* What is needed:
What is needed is a word-for-word copy of the listing below, without pictures.

* Information shown:

::::::::::

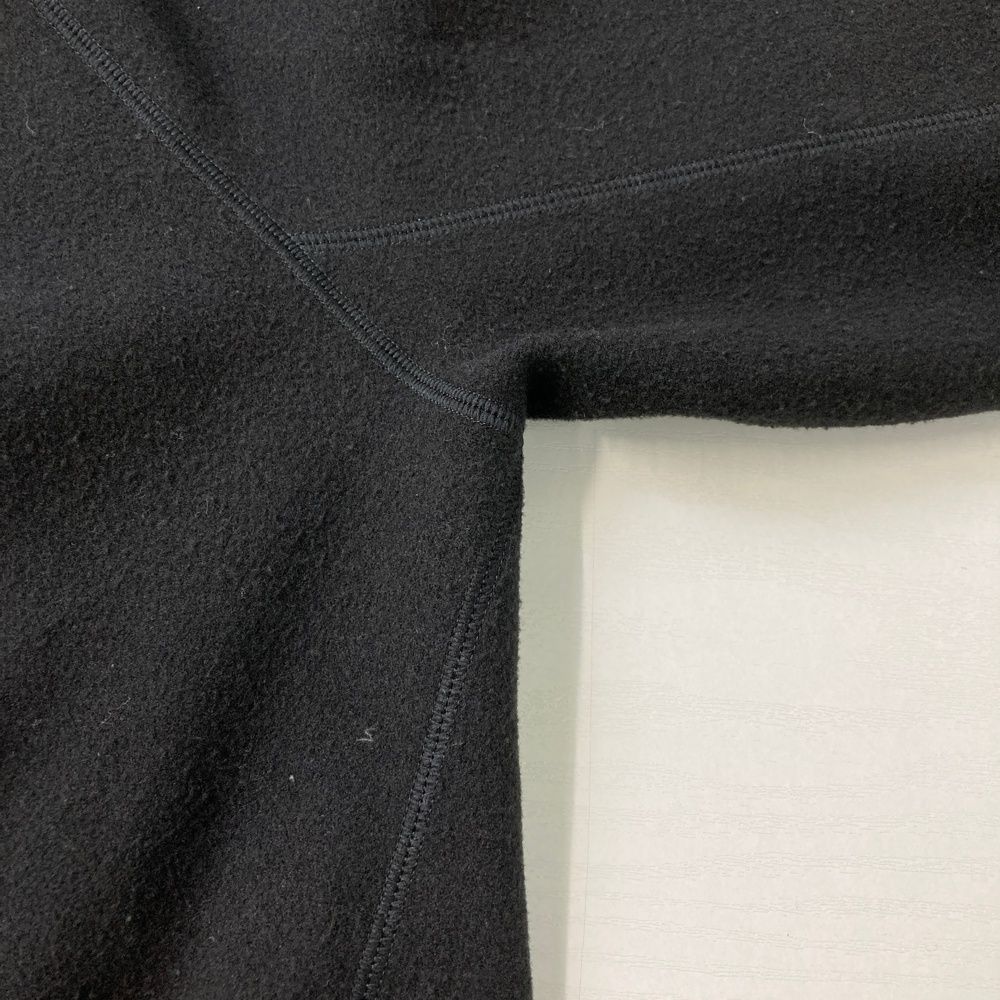 GOLF ブリーフィング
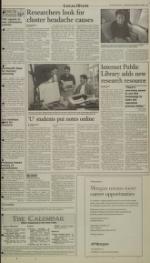 image of September 10, 1997 - number 3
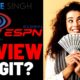ESPIAN Global Review - Legit ESPN eSports MLM or Huge Scam?  |Espianglobal.com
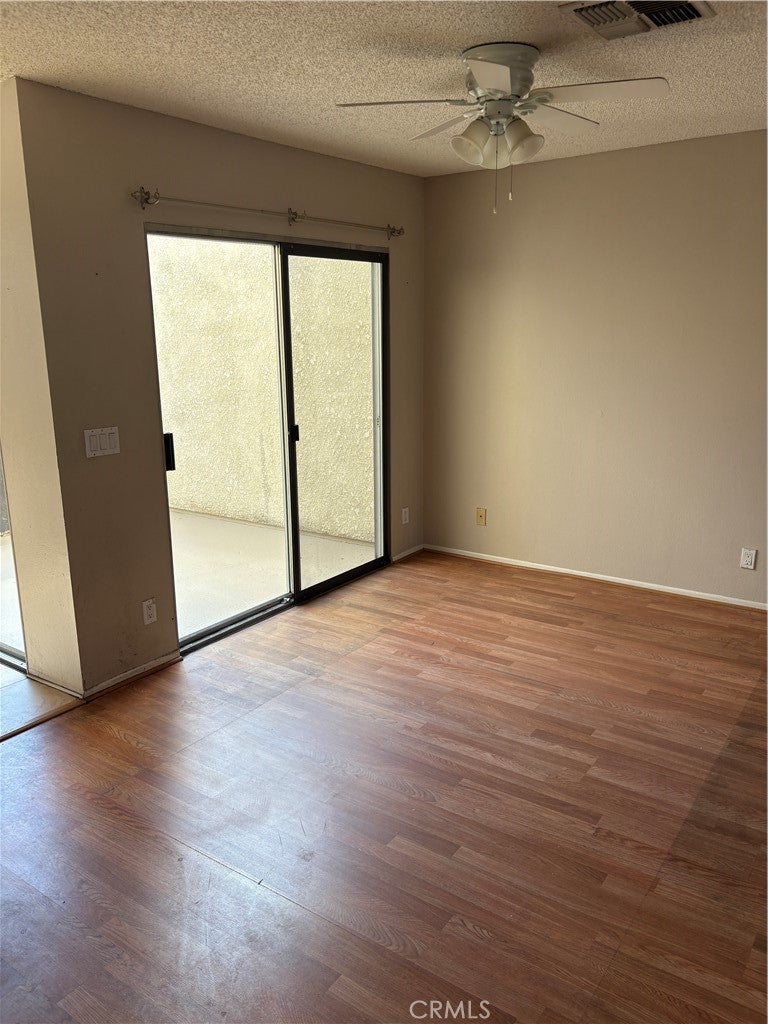 9800 Sepulveda 6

::::::::::

* Written solution:
 GOLF ブリーフィング
 image of September 10, 1997 - number 3
ESPIAN Global Review - Legit ESPN eSports MLM or Huge Scam?  |Espianglobal.com
 9800 Sepulveda 6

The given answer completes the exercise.